今回のベルリン映画祭に出席された日本人の方々の中から、
以下の3名の皆さんに、映画祭について振り返っていただきました。

石橋義正さん (「The Fuccon」監督:パノラマ部門で上映)

 10年前に旅行でベルリンに行ったことがあります。私は当時まだ学生で、ロンドンに交換留学していた時の日本への帰りに遊びに立ち寄ったのです。壁が壊れてそんなに経っていない時だったので、街も今の様に綺麗ではなく、かなり寒々しい印象がありました。私は彫刻家のヤノベケンジ氏と一緒にいろんなアーティストのアトリエを訪問していました。かなりキテレツな作品制作をしているクレイジーな若い作家たちが集まっていましたし、その時の印象が非常に強いため、ベルリンはアーティな街というイメージが私の中であります。
 ベルリン映画祭に参加したのは今年が初めてのことでした。街が10年前とはすっかり変わって綺麗になっていました。昔の廃虚のような寒々しいベルリンも好きですが、今のベルリンも住んでみたいいい街だなと思いました。でもあらためて考えると、54年もこのベルリンという土地でこの大きな映画祭が続いているということ自体驚きです。
 今回出演者であり、マネキンであるマイキーを連れて行きました。
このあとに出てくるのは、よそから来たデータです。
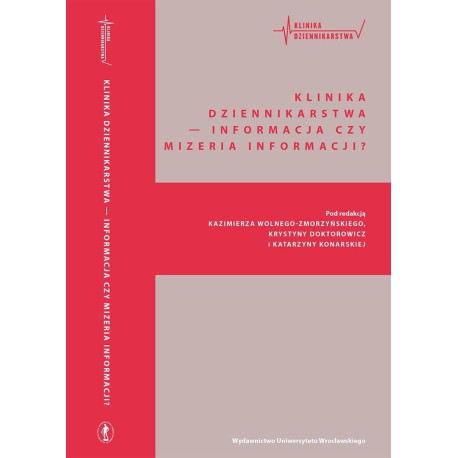 Klinika Dziennikarstwa 4 Informacja czy mizeria...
マイキーは機内に入れてもらえず、カウンターで荷物預けの扱いとなってしまいました。大切なものだからと説明しても、航空会社は「割れ物」のシールすら貼ってくれませんでした。他のスーツケースやらと一緒にベルトにのって流れて出て来たマイキーは、毛布で厳重に梱包していたため、なんとか怪我もなく無事でした。1999年に「フーコン・ファミリー」で誕生したこのマイキーというキャラクターは、もともとテレビ番組のワンコンテンツでしかなかったのですが、長年この話を作り続け、そして今回5年目にしてスタッフ達と一緒に、この世界3大映画祭であるベルリン映画祭に来れたという事実、そしてベルリンの街でも道行く人に「Oh! Mikey!」と楽し気に指を差され、劇場でも笑いと拍手がおこっている状況を目の当たりにすると本当に感慨深いものがある、はずだったのですが、映画祭しょっぱなからひどい風邪をひいてしまった私は、そんなことを感じている間もなくホテルのベッドで熱を出してぶっ倒れているという残念な参加でした。

船橋 淳さん (タレントキャンパス参加)

 
タレントキャンパス、私はとても面白い現象だと思いました。
 ショートフィルムや処女作長編を撮ったばかりの監督、プロデューサー、俳優、作曲家などのクリエーターを世界中からかき集めて、出会いの場を提供するCo-Production Market でジンバブエとフランス、パキスタンとドイツ・オランダなどの共同製作のリンクが縦横無尽に行き交っているのを見ましたが、タレントキャンパスはその予備軍の予行演習の場と言えるのではないでしょうか。500人以上もいるのだから、オーガナイズが充分に出来ないのは当然。むしろ、そのカオスの中でいかに有益な出会いを見いだすかは参加者に掛かっているのだと思います。
 実際、私も何人か話の合うドイツ、フランス、アメリカ西海岸の監督・脚本家と出会い、互いにscript coverage をやって助け合おうという話になりました。この万博的なエネルギーは素晴らしいと思います。

小沢 禎二さん (タレントキャンパス参加)

 
朝早くに行って列に並ばなくてはならないのはかなりの苦痛です。それでなくても、遠くの国から来ているのですから体力的にも最後にはぼろぼろでした。
 世界文化館は良かったのですが、ケイタリングの食べ物が高すぎるって感じです。お皿に少しだけで5ユーロもとられるなんて、って気がしました。あと、スペシャル・プログラムの中にタレント・ムービー・オブ・ザ・ウィークっていうのがあるんですが、プロの経験のある人達が自分達の腕自慢をするために短編映画を1週間で撮るっていう企画です。プロ経験のある人よりも、ない人にチャンスを与えてきっかけにしてもらうほうが有意義だと思います。このタレント・キャンパスの主旨だってこれからの映画人を育てるっていうものだったはずですし。
 少し気になったのが、アジア系の人が一人もどの特別企画にも参加していなかったようなので残念でした。気のせいかもしれませんが・・・。